**Exercise details**
For the entries below, state how many lines contain the string "perfect". Add nothing else.

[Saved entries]
=== Begin Enclosure ===

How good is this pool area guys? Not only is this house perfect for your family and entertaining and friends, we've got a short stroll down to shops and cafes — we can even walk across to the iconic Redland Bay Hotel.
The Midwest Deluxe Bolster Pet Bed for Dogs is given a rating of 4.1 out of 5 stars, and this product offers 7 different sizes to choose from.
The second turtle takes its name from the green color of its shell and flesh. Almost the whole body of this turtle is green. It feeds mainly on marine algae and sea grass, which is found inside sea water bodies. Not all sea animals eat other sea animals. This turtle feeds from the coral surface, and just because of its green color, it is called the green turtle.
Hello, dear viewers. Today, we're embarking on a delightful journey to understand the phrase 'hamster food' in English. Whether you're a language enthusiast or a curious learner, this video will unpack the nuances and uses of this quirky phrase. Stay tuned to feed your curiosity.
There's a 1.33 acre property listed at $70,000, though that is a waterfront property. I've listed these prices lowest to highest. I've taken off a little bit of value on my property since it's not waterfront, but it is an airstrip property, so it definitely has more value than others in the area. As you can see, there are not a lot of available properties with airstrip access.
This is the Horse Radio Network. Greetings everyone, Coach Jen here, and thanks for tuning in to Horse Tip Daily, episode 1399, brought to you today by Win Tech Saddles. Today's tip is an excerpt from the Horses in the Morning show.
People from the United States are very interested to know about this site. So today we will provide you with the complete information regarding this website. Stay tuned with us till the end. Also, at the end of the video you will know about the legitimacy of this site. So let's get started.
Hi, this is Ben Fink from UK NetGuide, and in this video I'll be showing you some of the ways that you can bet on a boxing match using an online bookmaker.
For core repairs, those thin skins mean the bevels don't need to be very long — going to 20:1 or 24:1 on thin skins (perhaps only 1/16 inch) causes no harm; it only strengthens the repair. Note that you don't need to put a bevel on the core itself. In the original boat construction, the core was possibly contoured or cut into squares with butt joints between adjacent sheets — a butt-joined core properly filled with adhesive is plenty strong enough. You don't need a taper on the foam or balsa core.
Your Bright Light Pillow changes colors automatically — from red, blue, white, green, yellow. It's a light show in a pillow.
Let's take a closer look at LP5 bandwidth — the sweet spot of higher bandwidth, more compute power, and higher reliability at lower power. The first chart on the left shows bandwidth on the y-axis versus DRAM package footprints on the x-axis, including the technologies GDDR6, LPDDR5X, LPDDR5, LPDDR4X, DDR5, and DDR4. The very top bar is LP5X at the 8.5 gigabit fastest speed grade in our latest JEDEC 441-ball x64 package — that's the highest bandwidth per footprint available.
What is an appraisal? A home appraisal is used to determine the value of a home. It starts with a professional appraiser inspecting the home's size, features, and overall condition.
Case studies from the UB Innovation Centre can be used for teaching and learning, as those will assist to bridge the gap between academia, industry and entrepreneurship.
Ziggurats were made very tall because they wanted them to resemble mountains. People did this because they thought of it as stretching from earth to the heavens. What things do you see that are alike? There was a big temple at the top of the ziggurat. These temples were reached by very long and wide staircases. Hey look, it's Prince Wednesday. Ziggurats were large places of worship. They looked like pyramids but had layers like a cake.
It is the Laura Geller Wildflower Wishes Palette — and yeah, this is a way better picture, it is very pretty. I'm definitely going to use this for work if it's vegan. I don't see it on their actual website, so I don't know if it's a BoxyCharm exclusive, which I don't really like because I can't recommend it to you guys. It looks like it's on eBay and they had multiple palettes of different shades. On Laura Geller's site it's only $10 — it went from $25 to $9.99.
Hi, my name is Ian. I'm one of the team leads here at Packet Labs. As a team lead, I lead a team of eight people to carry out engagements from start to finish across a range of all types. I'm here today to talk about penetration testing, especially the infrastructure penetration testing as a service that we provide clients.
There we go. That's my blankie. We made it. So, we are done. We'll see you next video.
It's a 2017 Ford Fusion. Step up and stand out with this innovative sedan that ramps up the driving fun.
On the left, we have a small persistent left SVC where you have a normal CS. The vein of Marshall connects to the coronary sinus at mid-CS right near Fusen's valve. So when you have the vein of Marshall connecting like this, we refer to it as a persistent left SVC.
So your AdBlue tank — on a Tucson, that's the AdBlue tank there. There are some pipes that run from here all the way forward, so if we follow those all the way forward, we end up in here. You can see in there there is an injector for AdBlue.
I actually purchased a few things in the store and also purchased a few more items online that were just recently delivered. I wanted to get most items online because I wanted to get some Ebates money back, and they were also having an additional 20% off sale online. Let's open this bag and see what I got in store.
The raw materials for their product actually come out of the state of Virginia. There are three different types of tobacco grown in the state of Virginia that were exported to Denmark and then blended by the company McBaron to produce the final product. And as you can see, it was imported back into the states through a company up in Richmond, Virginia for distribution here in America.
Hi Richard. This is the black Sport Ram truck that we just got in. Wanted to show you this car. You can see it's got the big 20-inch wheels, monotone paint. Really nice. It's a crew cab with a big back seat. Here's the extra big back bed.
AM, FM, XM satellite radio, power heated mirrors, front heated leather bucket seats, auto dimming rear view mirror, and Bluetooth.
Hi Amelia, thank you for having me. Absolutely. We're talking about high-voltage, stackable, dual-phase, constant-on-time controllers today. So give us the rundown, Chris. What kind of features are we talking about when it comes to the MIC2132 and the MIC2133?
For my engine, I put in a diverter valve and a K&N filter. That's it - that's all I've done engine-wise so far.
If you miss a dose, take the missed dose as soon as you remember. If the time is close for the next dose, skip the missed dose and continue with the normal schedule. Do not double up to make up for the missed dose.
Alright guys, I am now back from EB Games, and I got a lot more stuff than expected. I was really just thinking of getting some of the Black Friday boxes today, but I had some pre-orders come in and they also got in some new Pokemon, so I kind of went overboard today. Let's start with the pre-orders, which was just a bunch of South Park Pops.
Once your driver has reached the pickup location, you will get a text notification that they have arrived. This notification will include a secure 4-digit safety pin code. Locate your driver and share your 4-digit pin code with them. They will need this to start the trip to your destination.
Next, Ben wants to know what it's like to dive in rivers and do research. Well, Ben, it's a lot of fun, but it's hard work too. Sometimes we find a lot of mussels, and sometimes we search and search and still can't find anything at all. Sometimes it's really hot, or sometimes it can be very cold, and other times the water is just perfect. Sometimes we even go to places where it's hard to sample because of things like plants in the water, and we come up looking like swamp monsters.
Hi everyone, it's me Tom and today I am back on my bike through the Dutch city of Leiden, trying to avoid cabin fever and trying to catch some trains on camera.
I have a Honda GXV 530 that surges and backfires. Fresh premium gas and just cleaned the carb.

=== End Enclosure ===

**Response area**
2